→ **THE TASK**
Return, exactly and in full, the lines of the records below starting at the one with "3D Strick Tier" and ending at the one with "J. ROGET BRUT CHAMPAGNE AMERICAN 750ML 750ML", and no other lines.

-- EXTRACTED RECORDS follows --

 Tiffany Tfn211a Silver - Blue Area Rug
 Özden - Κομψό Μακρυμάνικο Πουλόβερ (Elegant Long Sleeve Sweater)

-- EXTRACTED RECORDS concluded --
-- EXTRACTED RECORDS follows --

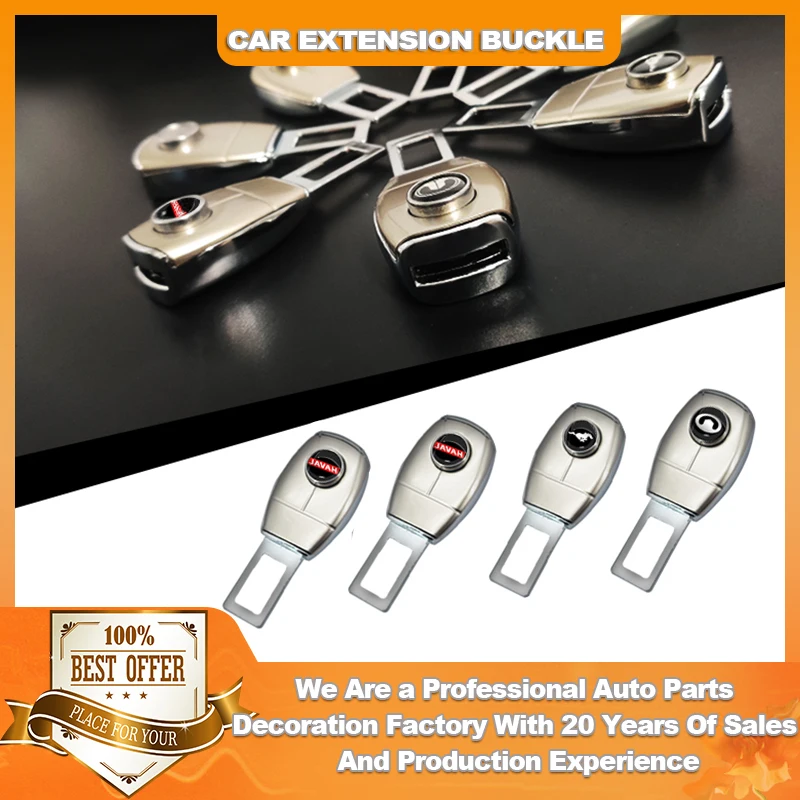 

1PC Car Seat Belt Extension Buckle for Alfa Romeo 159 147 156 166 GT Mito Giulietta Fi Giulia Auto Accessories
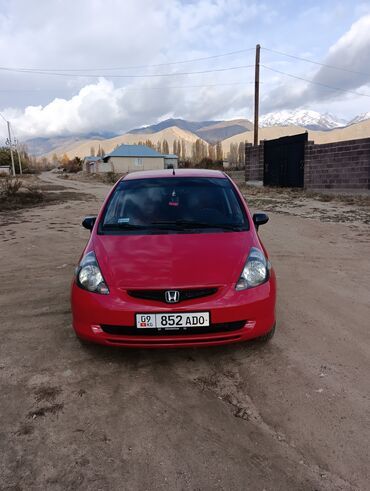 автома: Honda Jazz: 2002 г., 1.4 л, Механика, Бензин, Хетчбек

-- EXTRACTED RECORDS concluded --
-- EXTRACTED RECORDS follows --

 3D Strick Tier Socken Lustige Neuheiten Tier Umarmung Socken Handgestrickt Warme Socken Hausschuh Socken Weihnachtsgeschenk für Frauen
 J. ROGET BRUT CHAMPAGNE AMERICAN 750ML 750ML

-- EXTRACTED RECORDS concluded --

→ **REPLY TO THE TASK**
 3D Strick Tier Socken Lustige Neuheiten Tier Umarmung Socken Handgestrickt Warme Socken Hausschuh Socken Weihnachtsgeschenk für Frauen
 J. ROGET BRUT CHAMPAGNE AMERICAN 750ML 750ML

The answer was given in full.